There seems to be the importance of synovitis associated with the pain, and it will be important to differentiate the use of GAE in those with osteoarthritic knee pain without significant synovitis [5].

4.1. Post Arthroplasty Knee Pain

GAE is also hypothesised to assist in managing persistent knee pain despite arthroplasty. Up to 20% of patients who undergo knee arthroplasty claim to continue to experience pain, of which 10–15% is unexplained [18]. Chau et al. explored the effectiveness of GAE for those experiencing chronic pain post TKR. This was a single-centre, single-arm study including 12 patients, with a mean interval of 2.8 years following TKR, all experiencing pain since surgery. Those with potential alternative underlying causes of pain were excluded [18]. All patients were found to have abnormal synovial hypervascularity. The mean number of arteries embolised following TKR compared with management of knee OA was lower [18]. The majority (58%) had clinical improvement in KOOS scores at 3 to 6 month follow up. VAS scores at rest and walking decreased by 72% and 41%, respectively.
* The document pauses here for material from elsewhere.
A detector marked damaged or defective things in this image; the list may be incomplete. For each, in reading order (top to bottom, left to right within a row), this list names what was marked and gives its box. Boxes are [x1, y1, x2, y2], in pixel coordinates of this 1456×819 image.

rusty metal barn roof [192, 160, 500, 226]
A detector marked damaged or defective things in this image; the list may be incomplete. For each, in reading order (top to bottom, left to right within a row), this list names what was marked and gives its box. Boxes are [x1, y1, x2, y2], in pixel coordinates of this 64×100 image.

In contrast, 30% had a transient increase in pain for two weeks following embolization [18].

These are still preliminary data regarding managing unexplained chronic pain post TKR so should be viewed with caution. There were a few patients for which the pain increased, although, overall, the outcomes showed improved results for up to 12 months [18].

4.2. Adverse Effects

Throughout the aforementioned studies, only mild to moderate adverse effects were reported. The most common treatable and predominantly self-resolving complications included puncture site haematoma, transient cutaneous skin changes of the treated knee, associated erythema, mild fever, and plantar sensory paraesthesia (this became less prevalent when embolic particle size was >75 μm) [2,4,6].

Post embolization syndrome is a self-limiting side effect that manifests as knee pain, low-grade fever, or malaise hours to days following GAE [5]. The majority of these resolved spontaneously without intervention. Puncture site haematoma and bleeding were considered a moderate adverse effect when resultantly the patient had to remain in the hospital for extra hours for observation to ensure resolution.
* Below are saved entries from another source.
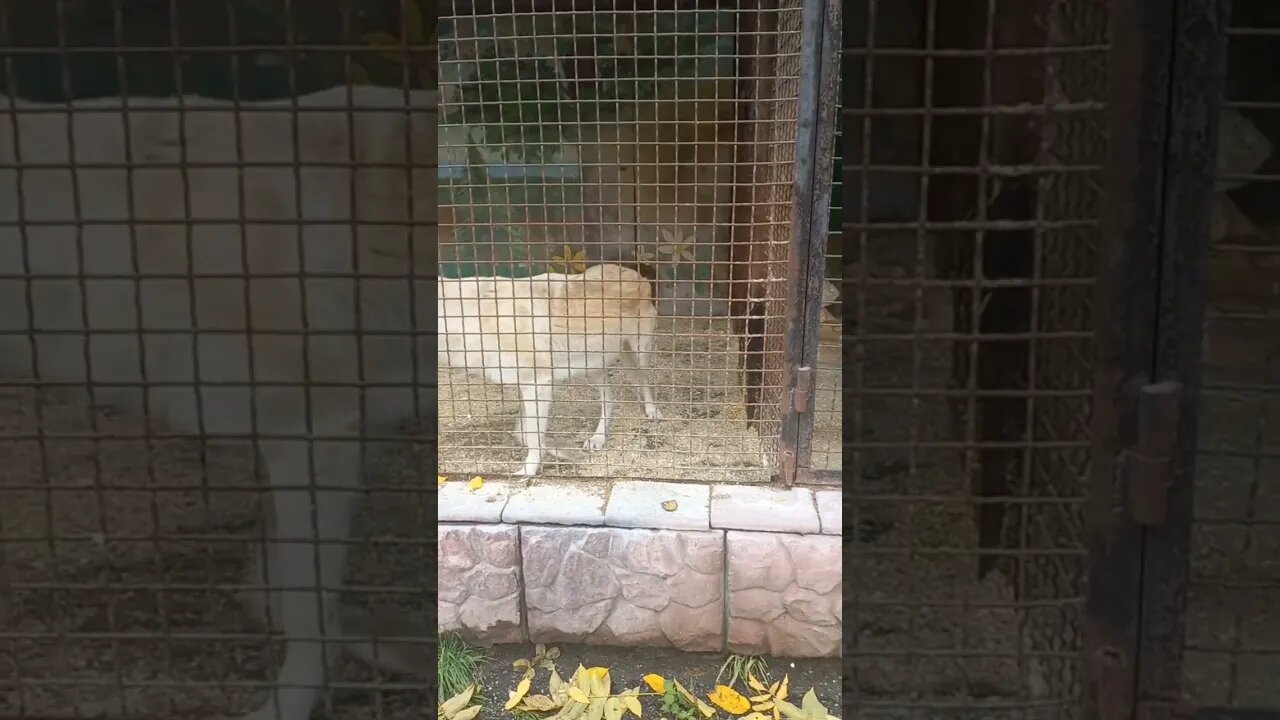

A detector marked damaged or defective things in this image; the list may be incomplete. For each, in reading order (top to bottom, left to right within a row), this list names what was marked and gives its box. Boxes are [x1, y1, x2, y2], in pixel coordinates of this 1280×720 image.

rusted wire grid [0, 1, 440, 717]
rusty metal bar [778, 0, 839, 481]
rusted wire grid [1182, 11, 1280, 712] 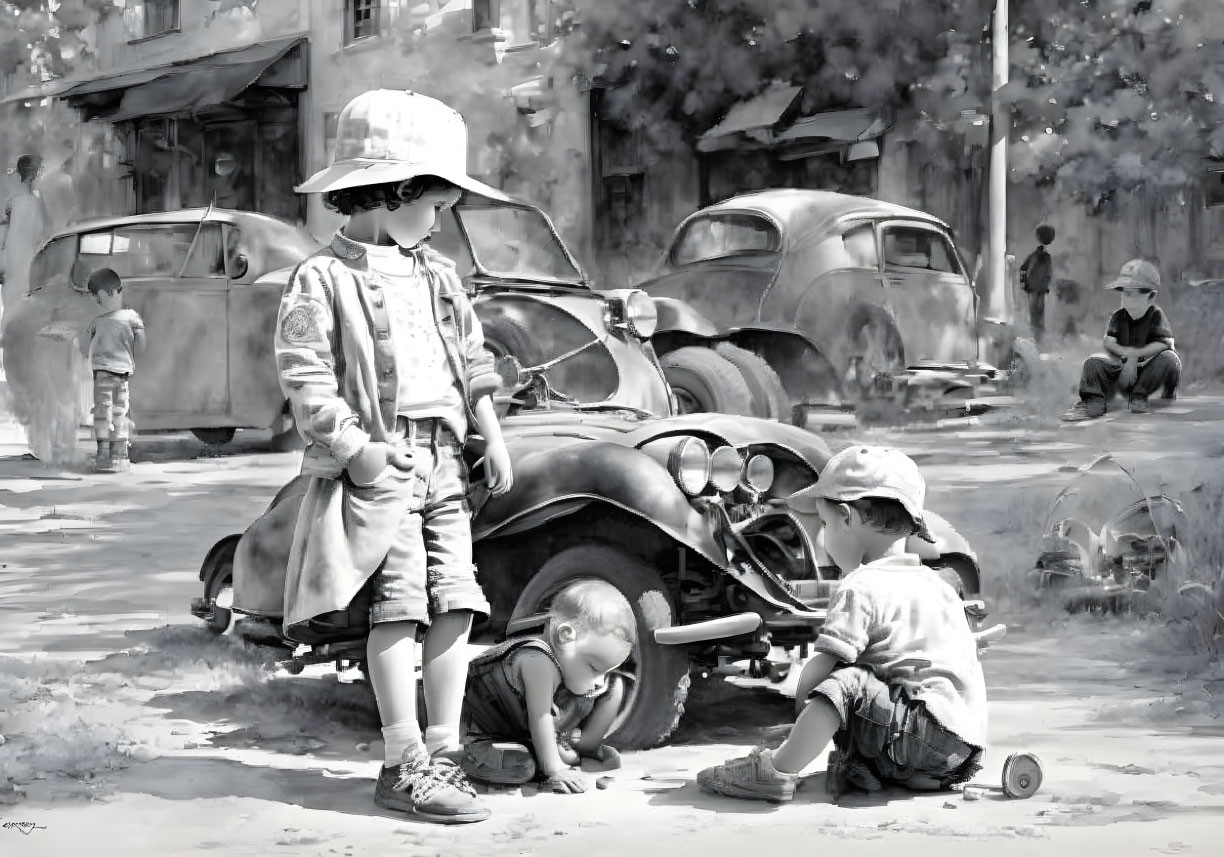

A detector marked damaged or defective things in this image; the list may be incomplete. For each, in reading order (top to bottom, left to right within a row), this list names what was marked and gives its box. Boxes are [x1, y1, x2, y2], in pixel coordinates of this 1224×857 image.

rusty automobile [0, 209, 320, 448]
rusty automobile [632, 191, 1012, 424]
rusty automobile [191, 191, 996, 744] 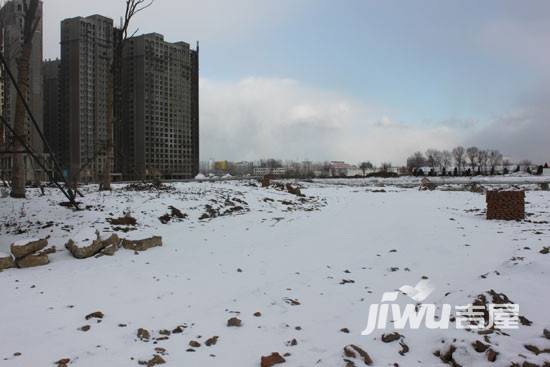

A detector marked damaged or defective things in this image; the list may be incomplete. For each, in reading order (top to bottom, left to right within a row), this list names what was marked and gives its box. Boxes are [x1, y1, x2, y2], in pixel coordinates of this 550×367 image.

broken concrete block [10, 239, 47, 258] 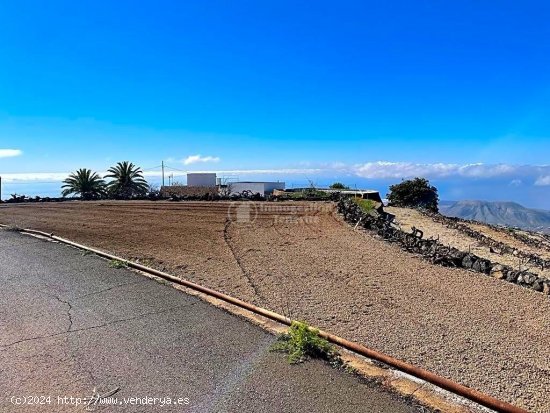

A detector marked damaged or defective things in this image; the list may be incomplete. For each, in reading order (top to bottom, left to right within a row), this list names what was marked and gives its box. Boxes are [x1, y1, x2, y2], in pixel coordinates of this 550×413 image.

rusty metal curb edging [2, 225, 532, 412]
Major concerns that will need to be monitored in further studies include associated osteonecrosis secondary to reduced vascularization. Multiple studies recommend the use of follow-up MRI to monitor this. It is also prudent to monitor for knee instability and associated weakness [13].

4.3. Future for Research

The concept of selective GAE for managing osteoarthritic associated pain is still a new intervention. There are many areas of opportunity available for future research to determine which patients may show symptomatic benefit. In particular, broader and more specific studies determining effect in mild vs. severe arthritic progression would help determine those that may be suitable candidates. Further data will be required to determine if there is an association with improved response and number of arteries embolised. Larger cohort randomised control trials and, furthermore, large-scale systematic reviews will be required to determine long-term response.

5. Conclusions

In summary, GAE has a promising future as an intermediate intervention to help manage knee pain due to OA, particularly in patients who are not adequately managed with conservative treatments, but are either not yet requiring surgery, or are not suitable candidates. Most studies show improvements in pain when comparing VAS, KOOS, and/or WOMAC scores.
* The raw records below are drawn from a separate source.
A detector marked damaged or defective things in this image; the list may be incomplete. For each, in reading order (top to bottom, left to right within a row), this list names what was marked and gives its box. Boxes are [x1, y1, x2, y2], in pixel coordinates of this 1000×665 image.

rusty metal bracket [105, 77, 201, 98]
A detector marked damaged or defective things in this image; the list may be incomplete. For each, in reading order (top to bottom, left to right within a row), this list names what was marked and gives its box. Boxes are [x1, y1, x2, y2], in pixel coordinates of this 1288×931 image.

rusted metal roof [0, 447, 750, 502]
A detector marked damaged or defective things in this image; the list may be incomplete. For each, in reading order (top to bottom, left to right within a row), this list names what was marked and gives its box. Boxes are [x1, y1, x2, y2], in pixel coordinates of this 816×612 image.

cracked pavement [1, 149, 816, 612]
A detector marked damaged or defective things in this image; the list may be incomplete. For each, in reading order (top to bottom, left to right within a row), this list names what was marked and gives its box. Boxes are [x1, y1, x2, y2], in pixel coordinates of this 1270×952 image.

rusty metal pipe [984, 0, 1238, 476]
The majority of these studies are small-scale, single-centre studies that have been published in the last five years. There are limited data in regard to randomised control trials, and comparison with sham procedures. This will be an important step moving forwards in research to clarify outcomes. Through future studies, we can expect to determine the long-term outcomes, results, and possible adverse effects associated with GAE. The average follow up in most studies was between one and two years post GAE.